My reading has taken me to the reign of Saul, the first king of Israel, a man generally despised and noted for his less than kingly qualities. As I was reading this morning, two passages stuck out to me. The first is 1 Kings 15:22, which says (in the English Standard Version) "Has the LORD as great delight in burnt offerings and sacrifices, as in obeying the voice of the LORD? Behold, to obey is better than sacrifice, and to listen than the fat of rams..." That passage is a familiar one to many who have grown up in church. If your childhood was anything like mine, then you heard the following passage as well. It says, "For rebellion is as the sin of divination" or witchcraft, in some translations. Either way, the message is clear; rebellion is bad news.
Samuel is confronting Saul for his rebellion against the Lord, and he is mincing no words. Saul is in trouble, and he realizes it too late. His response, however genuine and contrite it may not be (he does, after all, blame his subjects for his rebellion, vs 24), echoes the cry of my heart when I'm confronted with rebelling against the Lord's direction, "I have sinned, for I have transgressed the commandment of the LORD... Now therefore, please pardon my sin...that I may worship the LORD." Samuel's response is one to make a grown man shudder,"I will not return with you...the LORD has rejected you..."
Now, Saul was rejected from being king, which is far different from being completely rejected. But still, I'd NEVER want to hear those words, from anyone, about anything. Obviously, Saul was less than thrilled. For him, however, it was too late. For the rest of us, today, thankfully, it is not.
Centuries after the above described discussion, Paul (formerly known as Saul) the Apostle, wrote a letter to the Church in Rome, in which he described the challenges of living according to God's standard and how truly difficult it is.
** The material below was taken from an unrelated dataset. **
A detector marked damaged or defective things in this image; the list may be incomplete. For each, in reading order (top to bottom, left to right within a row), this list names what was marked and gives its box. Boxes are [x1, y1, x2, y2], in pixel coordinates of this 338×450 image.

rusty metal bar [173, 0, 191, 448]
He ended one section with the cry, "Wretched man that I am, who will save me from this body of death?!?" Romans 7:24, ESV. But, he begins the next chapter with the thrilling words, "There is therefore now no condemnation for those who are in Christ."
In so many ways, I'm not better than King Saul, choosing to do what I want to do instead of what God commands (usually in the form of loving myself and not loving my neighbor), or to not do what I should do (which is to love my God with all my heart, soul, mind, and strength, and to love my neighbor as myself), but instead of rejecting me as He did Saul, God wraps His arms around me and says, "I don't condemn you." What a wonderful gift to be me instead of King Saul, who was rejected by God.
That makes me think of a passage in Isaiah, where it describes what happened to make it possible for me to experience God's grace instead of the wrath I deserve. It says, "He was despised and rejected, a man of sorrows and acquainted with grief." Isaiah 53:3 ESV.
King Saul, who was rejected by God for his rebellion, is not me, thank God!